› Por Jean-Paul Sartre
No tuvo la vida que merecía.” De esta máxima consoladora, la vida de Baudelaire parece una magnífica ilustración. No merecía, por cierto, aquella madre, aquella perpetua estrechez, aquel consejo de familia, aquella querida avara, ni aquella sífilis; ¿y hay algo más injusto que su fin prematuro? Sin embargo, con la reflexión surge una duda: si se considera al hombre mismo, no carece de fallas y, en apariencia, de contradicciones: aquel perverso adoptó de una vez por todas la moral más vulgar y rigurosa, aquel refinado frecuenta las prostitutas más miserables, el gusto por la miseria es lo que lo retiene junto al flaco cuerpo de Louchette, y su amor a “la horrorosa judía” es como una prefiguración del que más tarde le inspirará Jeanne Duval; aquel solitario tiene un miedo horrible a la soledad, nunca sale sin compañía, aspira a un hogar, a una vida familiar; aquel apologista del esfuerzo es un “abúlico” incapaz de someterse a un trabajo regular; lanzó invitaciones al viaje, reclamó destierros, soñó con países desconocidos, pero vacilaba seis meses antes de marcharse a Honfleur y el único viaje que hizo le pareció un largo suplicio; ostentaba desprecio y aun odio por los graves personajes encargados de su tutela; sin embargo, jamás trató de liberarse de ellos ni perdió ocasión de soportar sus paternales amonestaciones. ¿Es, pues, tan diferente de la existencia que llevó? ¿Y si hubiera merecido su vida? ¿Si, al contrario de las ideas recibidas, los hombres nunca tuvieran sino la vida que merecen? Es preciso mirar esto más de cerca.

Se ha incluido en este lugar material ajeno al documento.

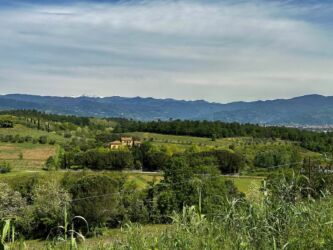 Frühling und Winter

Cuando murió su padre, Baudelaire tenía seis años, vivía adorando a su madre; fascinado, envuelto en consideraciones y cuidados, aún ignoraba que existía como persona, se sentía unido al cuerpo y al corazón de su madre por una especie de participación primitiva y mística; se perdía en la dulce tibieza del amor recíproco; aquello era un hogar, una familia, una pareja incestuosa. “Yo estaba siempre vivo en ti –le escribirá más tarde–, tú eras únicamente mía. Eras un ídolo y un camarada a la vez.”
No podría expresarse mejor el carácter sagrado de esta unión: la madre es un ídolo, el hijo está consagrado por el afecto que ella le profesa; lejos de sentirse una existencia errante, vaga y superflua, se piensa como hijo de derecho divino. Está siempre vivo en ella: esto significa que se ha puesto al abrigo en un santuario; no es, no quiere ser sino una emanación de la divinidad, un pequeño pensamiento constante de su alma. Y precisamente porque se absorbe entero en un ser que le parece existir por necesidad y por derecho, está protegido contra toda inquietud, se funde con lo absoluto, está justificado.